**AIM OF THE TASK**. After locating the line with "Preview: Midsection of", set down that line and all the lines that follow it, unchanged, to the end of the records; omit the pictures.

**GIVEN DATA**.

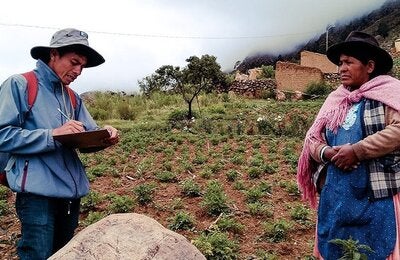 A pollster ask a questionaire to a woman in a rural area in an Andean country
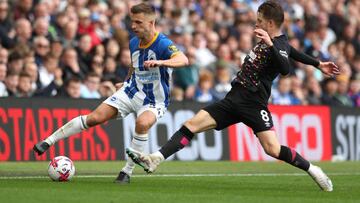 Brighton and Hove Albion's Joel Veltman (left) and Brentford's Mathias Jensen battle for the ball during the Premier League match at The AMEX Stadium, Brighton. Picture date: Saturday April 1, 2023. (Photo by Kieran Cleeves/PA Images via Getty Images)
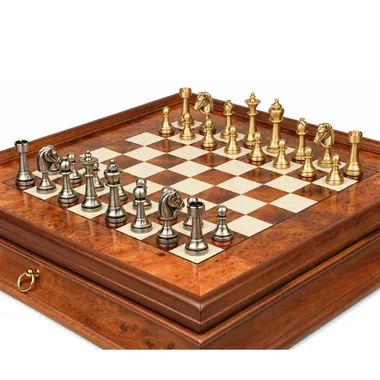 Solid brass Staunton chess pieces arranged on the burl wood chessboard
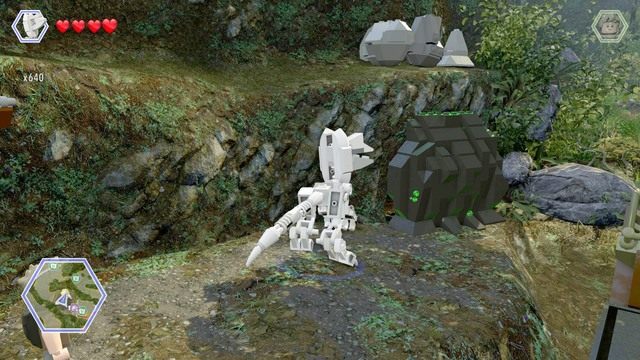 Po przedostaniu się na brzeg, zmień postać na dilofozaura i zniszcz blokujący dostęp do jaskini głaz - Kryjówka Erica | Jurassic Park III - sekrety - LEGO Jurassic World - poradnik gry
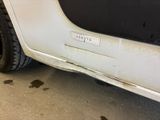 a close up of a white truck with dirty paint on it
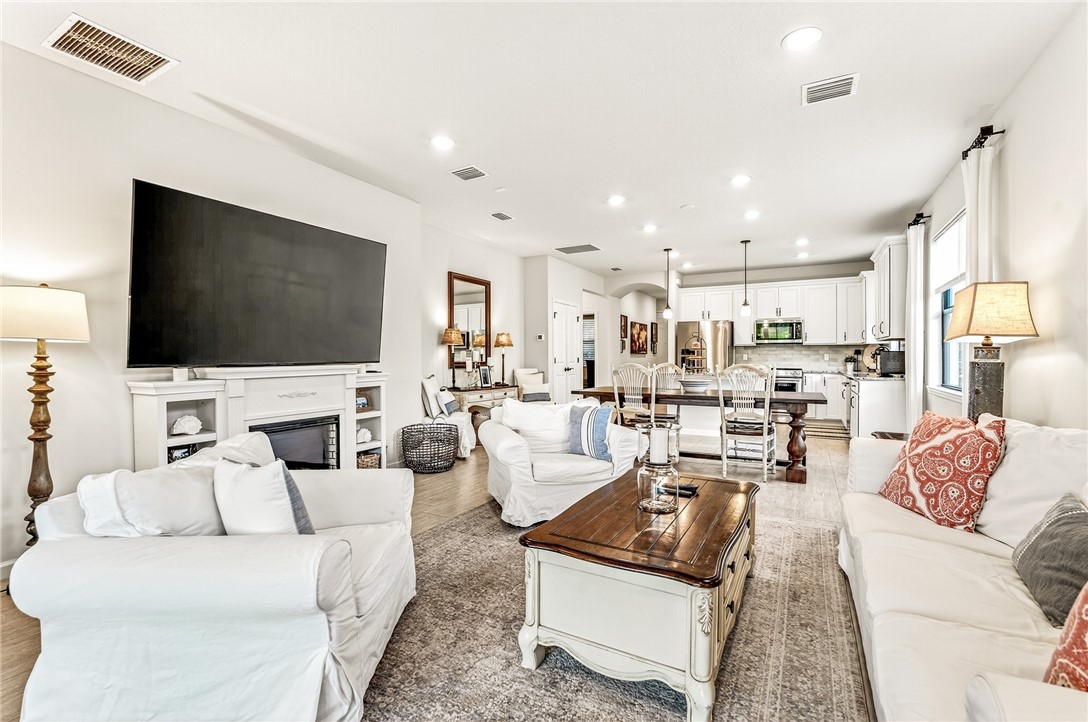 5191 Unity Square Vero Beach, FL 32967 - Photo 4 of 36 a living room with furniture and a flat screen tv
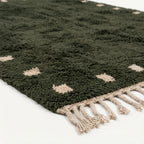 Handmade texture and edge detail of the forest green and ivory wool rug.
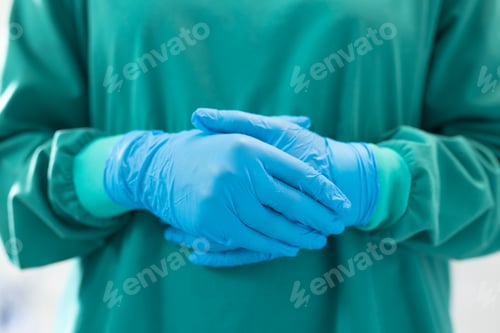 Preview: Midsection of female surgeon ready for operation in blue surgical gloves and green gown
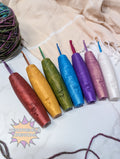 Set of colorful silicone crochet hooks on a textured fabric background with a brand logo.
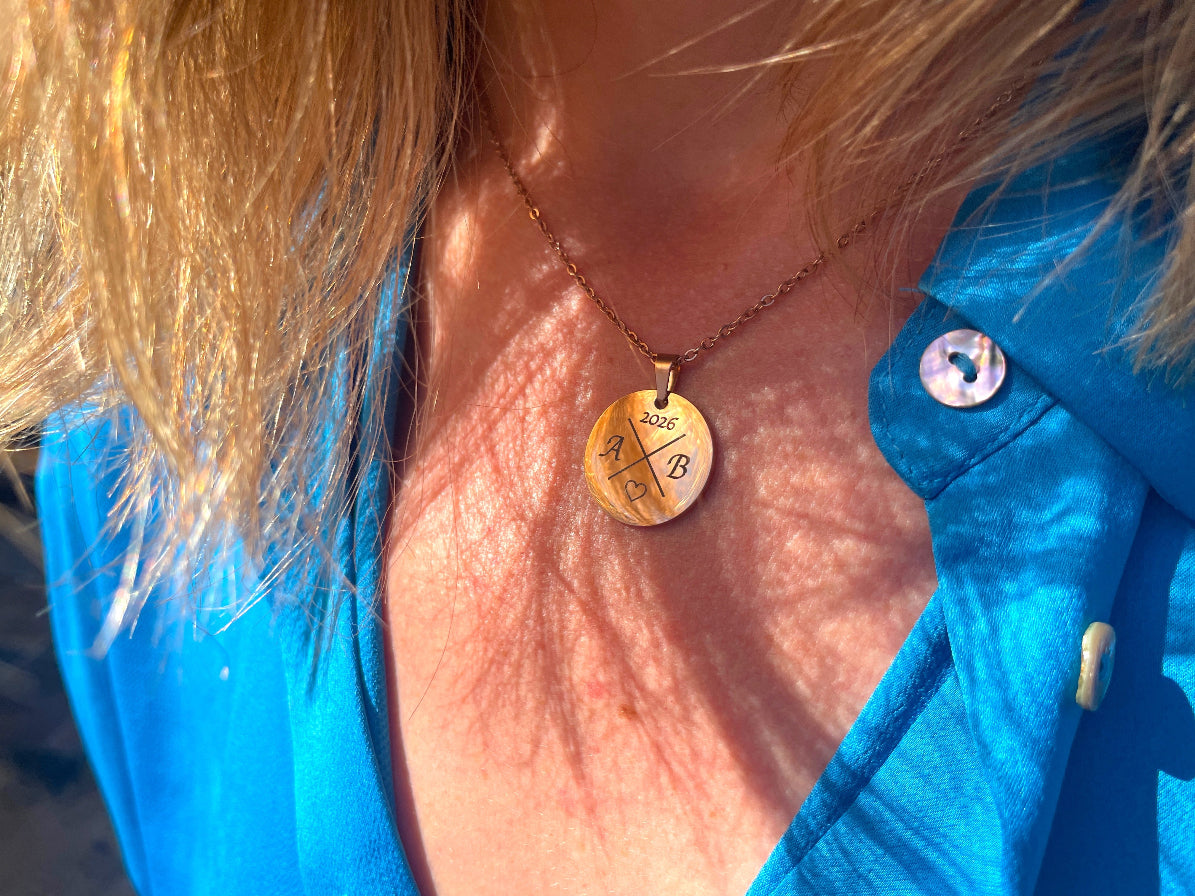 Collier médaille ronde doré porté au cou, sur une veste bleue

**TASK RESULT**.
 Preview: Midsection of female surgeon ready for operation in blue surgical gloves and green gown
 Set of colorful silicone crochet hooks on a textured fabric background with a brand logo.
 Collier médaille ronde doré porté au cou, sur une veste bleue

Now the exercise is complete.